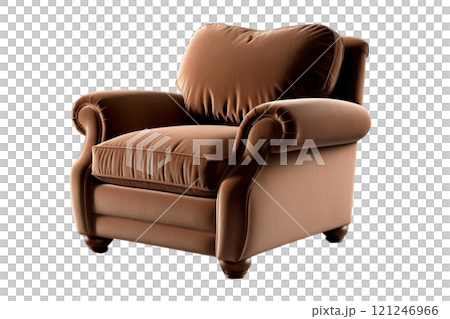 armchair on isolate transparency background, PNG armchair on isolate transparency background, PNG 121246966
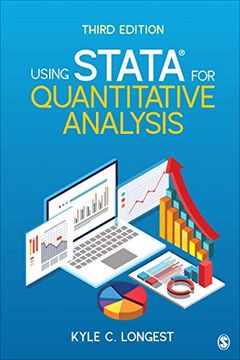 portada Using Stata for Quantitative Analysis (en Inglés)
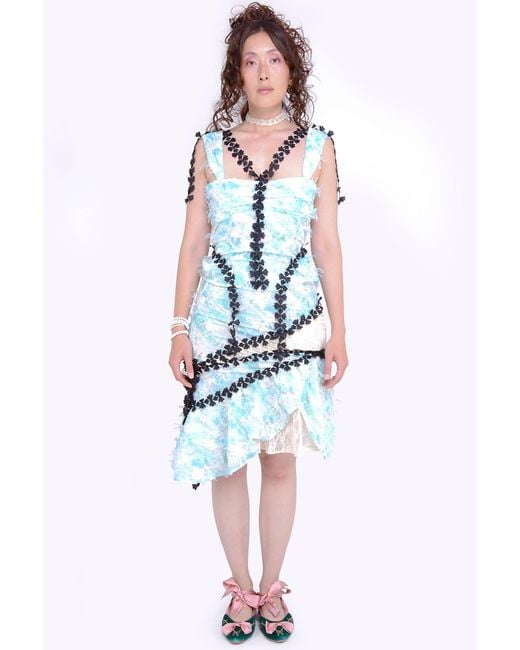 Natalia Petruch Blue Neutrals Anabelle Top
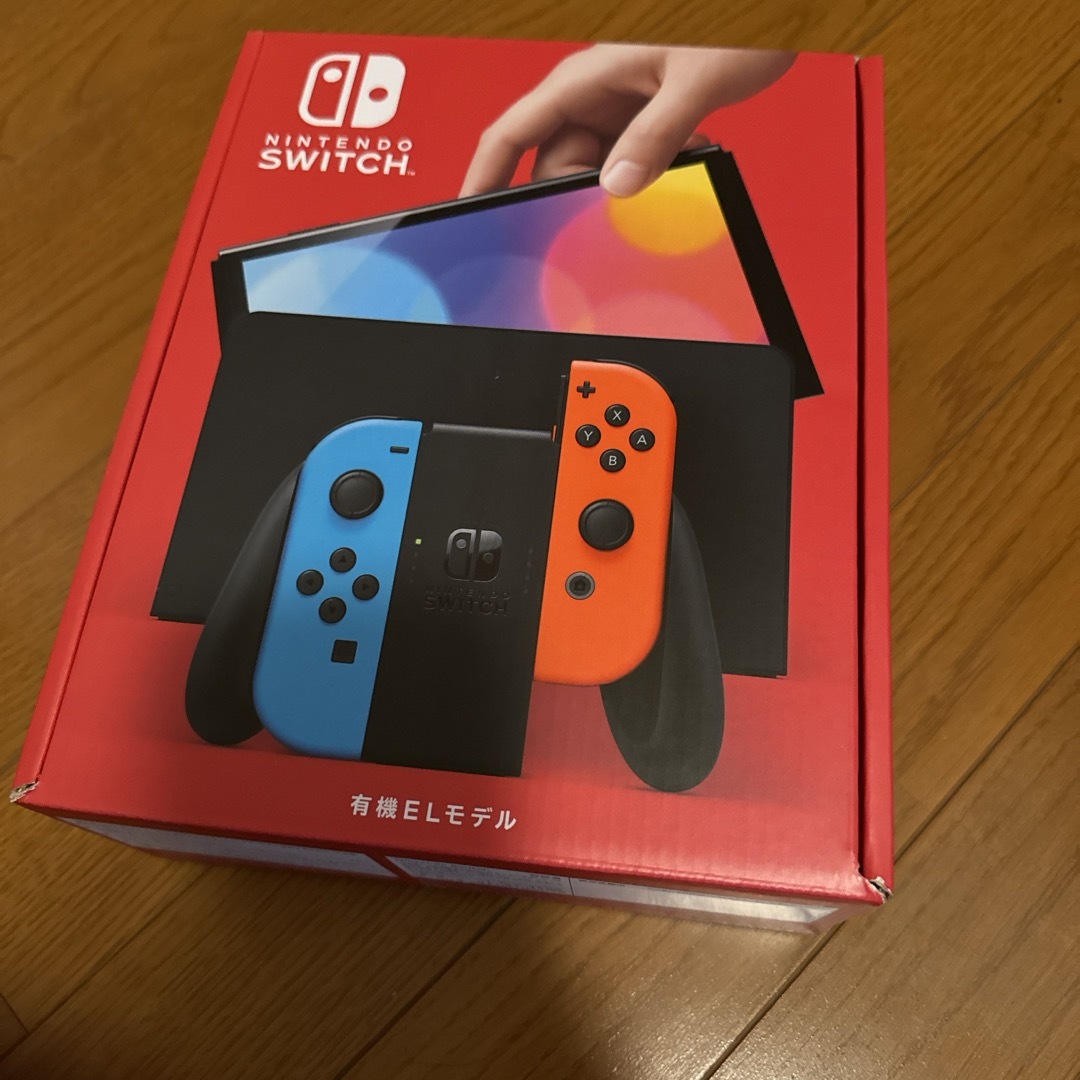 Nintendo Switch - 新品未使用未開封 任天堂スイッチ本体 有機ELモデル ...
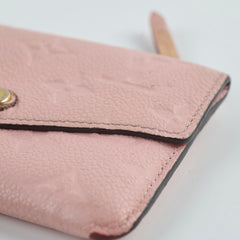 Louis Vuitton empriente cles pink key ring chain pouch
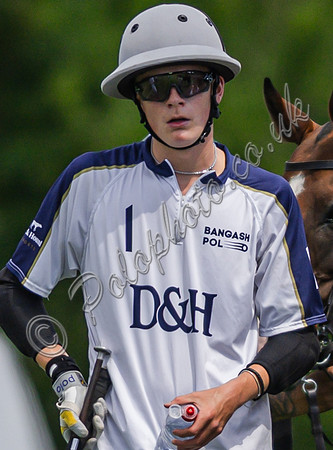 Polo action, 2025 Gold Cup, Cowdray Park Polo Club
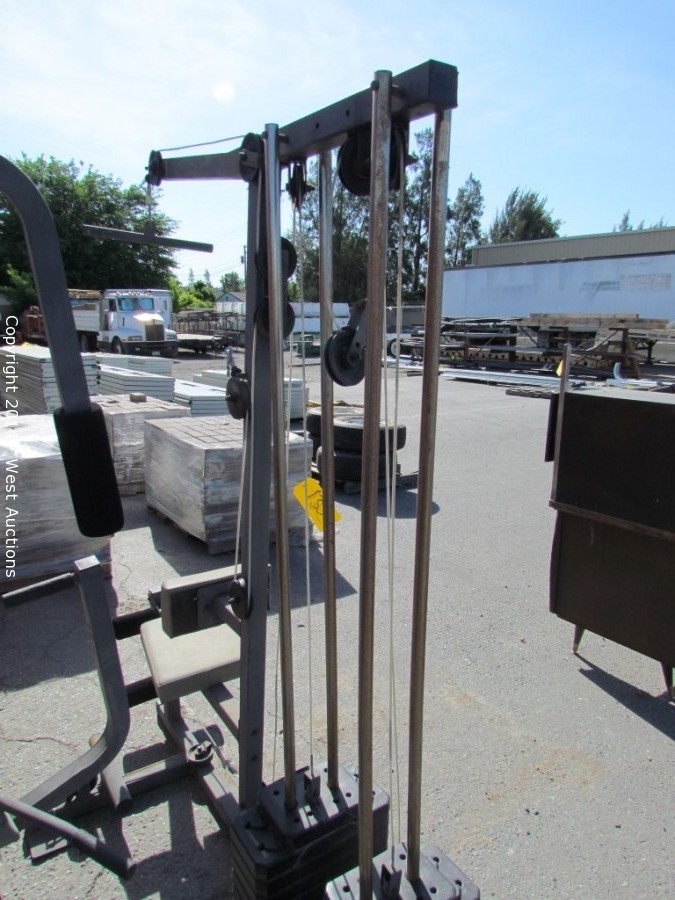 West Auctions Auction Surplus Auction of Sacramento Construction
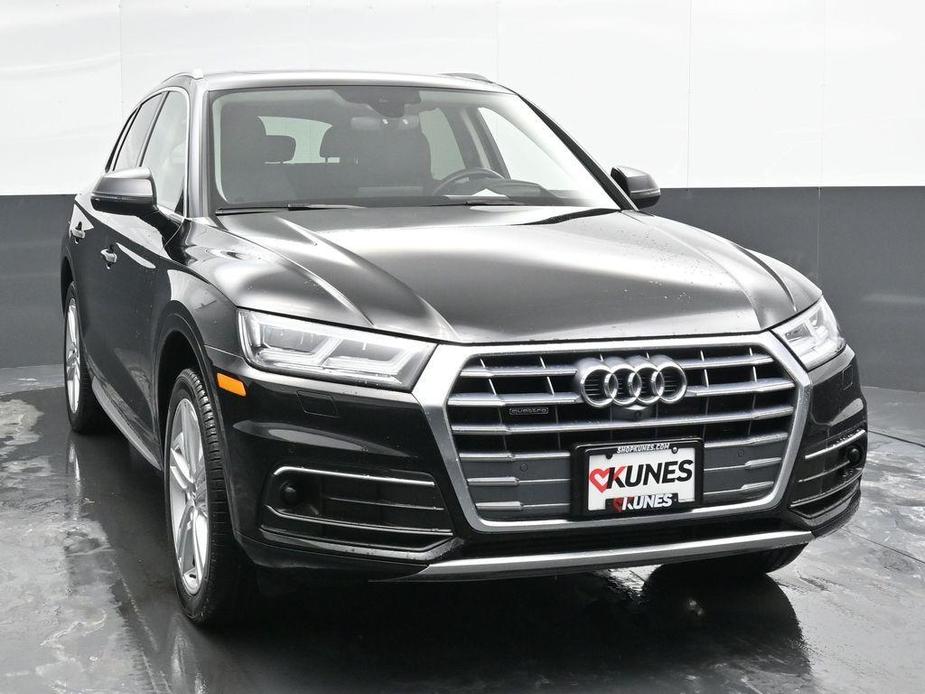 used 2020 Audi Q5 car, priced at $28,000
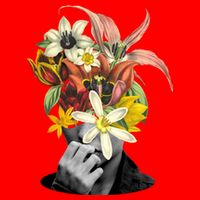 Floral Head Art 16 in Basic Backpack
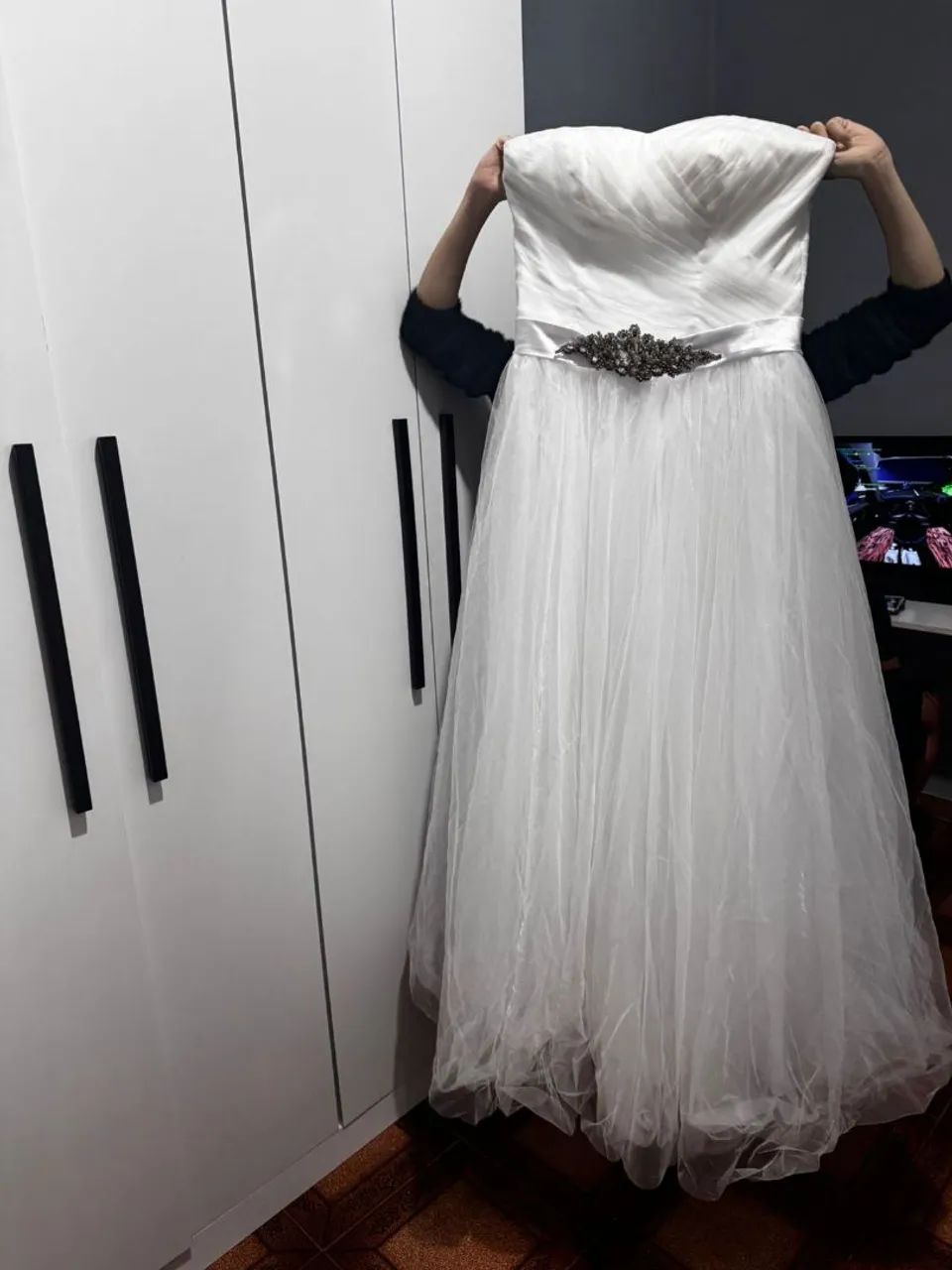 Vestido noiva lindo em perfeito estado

########################################

WORK ITEM:
An exact repetition of all the records above is required, excluding the pictures.

WRITTEN REPLY:
 armchair on isolate transparency background, PNG armchair on isolate transparency background, PNG 121246966
 portada Using Stata for Quantitative Analysis (en Inglés)
 Natalia Petruch Blue Neutrals Anabelle Top
 Nintendo Switch - 新品未使用未開封 任天堂スイッチ本体 有機ELモデル ...
 Louis Vuitton empriente cles pink key ring chain pouch
 Polo action, 2025 Gold Cup, Cowdray Park Polo Club
 West Auctions Auction Surplus Auction of Sacramento Construction
 used 2020 Audi Q5 car, priced at $28,000
 Floral Head Art 16 in Basic Backpack
 Vestido noiva lindo em perfeito estado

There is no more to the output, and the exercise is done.